3 Ways to Keep Hackers Out of Your House
These days, a majority of electronic devices you purchase for your home, from TV’s to baby monitors, come with the ability to connect to the Internet so you can control them from your smartphone or tablet.
In 2017 alone, worldwide sales of baby monitors reached almost $900 million, with many people buying the newest monitors that include cameras and internet connectivity.
Ellen and Nathan Rigney of Houston, TX, recently purchased a Wi-Fi enabled Nest baby monitor to help watch over their 4-month old son.
One night, the couple was awoken by a beeping sound coming from the baby monitor. At first, the couple thought it might be a smoke detector or CO2 alarm going off, then they heard an unfamiliar voice talking in their son’s room.
According to Ellen, “Immediate reaction was that there’s somebody in here, somebody’s in my son’s room! How did they get in there?!”
Instantly, Nathan jumped out of bed, switched the light on and witnessed their Nest camera turn on inside their bedroom.
The most frightening part was what happened next when the couple heard a man’s voice ordering the couple to turn the light back off.
Then the man’s voice said, “I’m going to kidnap your baby, I’m in your baby’s room.”
Nathan ran upstairs to the baby’s room bursting through the door to find his 4-month old son alone and safe inside his crib.
After determining no one was inside the house the couple turned off their internet network believing someone had hacked the Wi-Fi network in their home.
In addition to turning off their Wi-Fi, the couple contacted Nest, who according to Ellen, “was no help at all.”
In the end, Ellen told local media outlets, “Something that is supposed to make you feel better and instead it makes you feel the opposite, it makes you feel invaded and uncomfortable.”
Smart home devices are unfortunately here to stay and in the future it will likely be tough to find a fridge, washer and dryer, thermostat, etc. that doesn’t connect to the internet.
This is why I want to share with you the latest security measures you want to have in place when it comes to devices that include audio or video access inside your home.
Use FHSS Technology.
When I was a kid, my friends and I played with cheap walkie-talkies and every now and then we would hear some stranger talking on the walkie-talkie.
In other words, someone else was using the same frequency as us and we would be able to hear them loud and clear.
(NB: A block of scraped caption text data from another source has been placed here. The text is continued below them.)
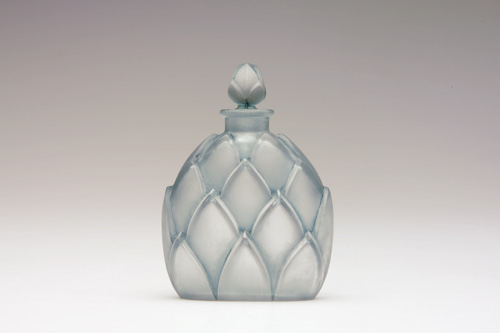 Appraisal: R LALIQUE Marquila perfume bottle in clear and frosted glass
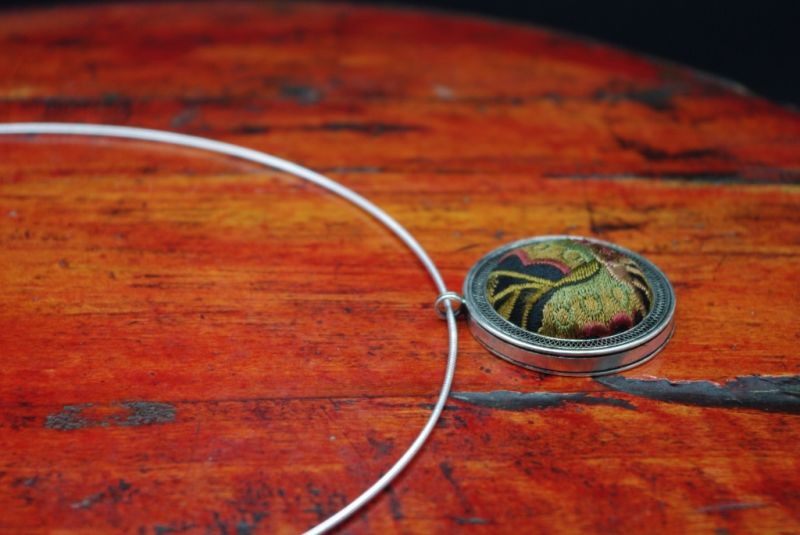 Cliquez sur la vignette pour agrandir et survolez la photo pour zoomer Collier Ethnique Broderie Pendentif Rond 3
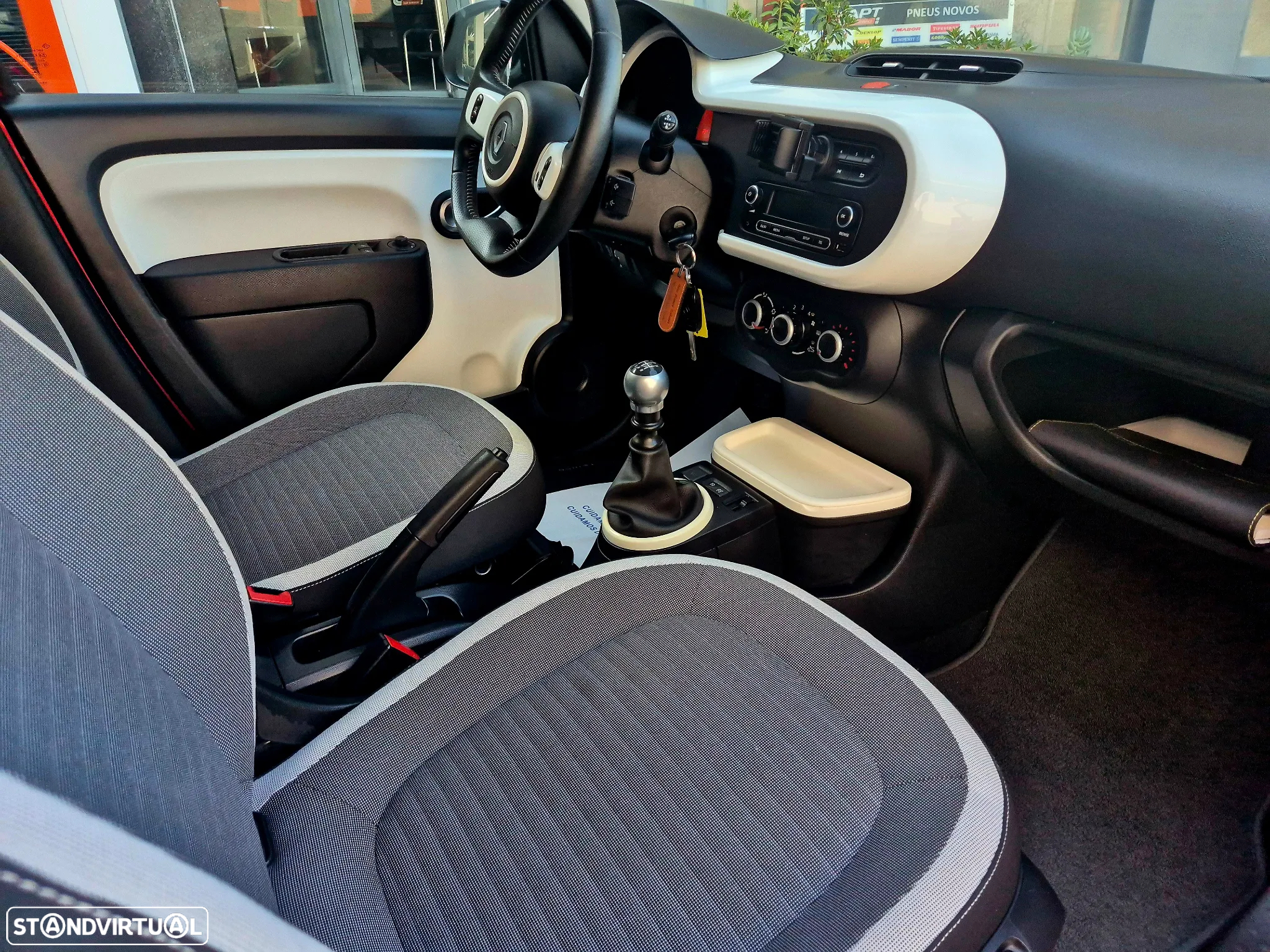 Renault Twingo 0.9 TCe Sport - 40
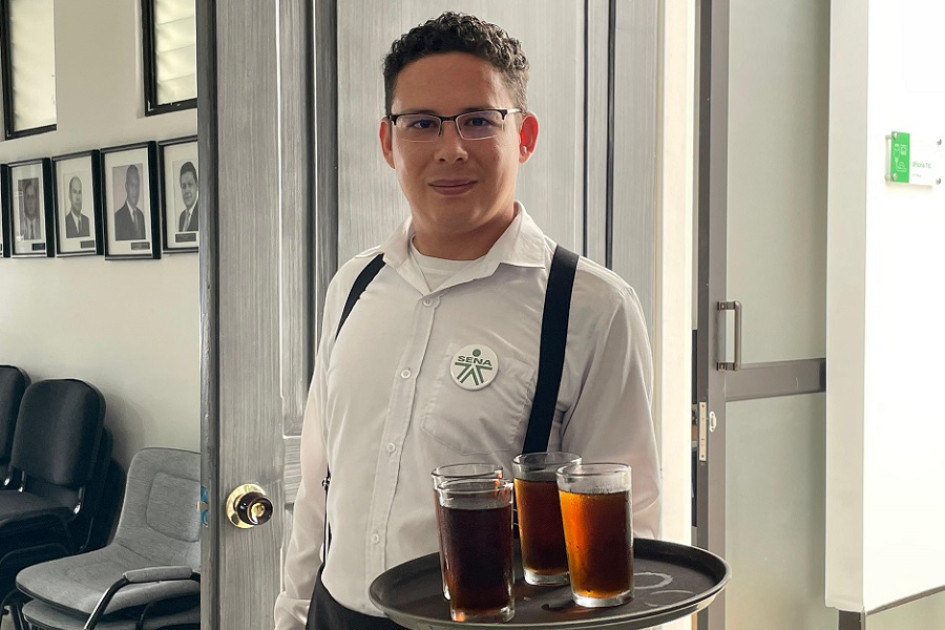Anderson Mendieta, aprendiz en el Técnico en Servicios de Restaurante y Bar. 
The reason this would occur was because the walkie-talkies operated using direct-sequence spread spectrum (DSSS).
In other words, many people were using the same radio frequency.
The problem is the last thing you want to use in your home is any device that uses DSSS technology.
Nowadays, many companies are developing products that use frequency-hopping spread spectrum (FHSS).
What this means is it limits outside access by randomly hopping frequencies at an incredible rate of 75 frequencies within a period of 400 milliseconds, making it difficult for a hacker to establish a connection.
Avoid the cloud.
Many people like to use cloud storage for convenience and on the go access to documents no matter where you are.
When using devices like security cameras or baby monitors it’s very risky to have these devices record to cloud storage.
Hackers will often target access to your cloud storage as a backdoor way into your device.
Hide your entire network.
Every wireless internet router has a preset service set identifier (SSID).
This is essentially the name of your wireless network, which is set to a default by the manufacturer, meaning you probably have the same SSID name as many other people who purchased a similar router.
Ideally, during the process of setting up the router you want to immediately change the SSID name.
After you’ve changed the SSID name, you can also hide your network from others. Put simply, if you go to connect to a Wi-Fi network you can probably see all your neighbors networks listed as well.
What you want to do is go to your router settings and disable SSID broadcasting.
This means that anyone who wants to access your network will have to know the SSID first (meaning they will not be able to find it in the list of available networks when trying to connect to the internet).
The reality is, the growing rate of our reliance on the Internet means that it’s only a matter of time before most homes are filled with connected devices.
Considering the safety issues that are at stake, users can’t slack off and leave everything in the hands of companies that have other priorities in mind, such as making money.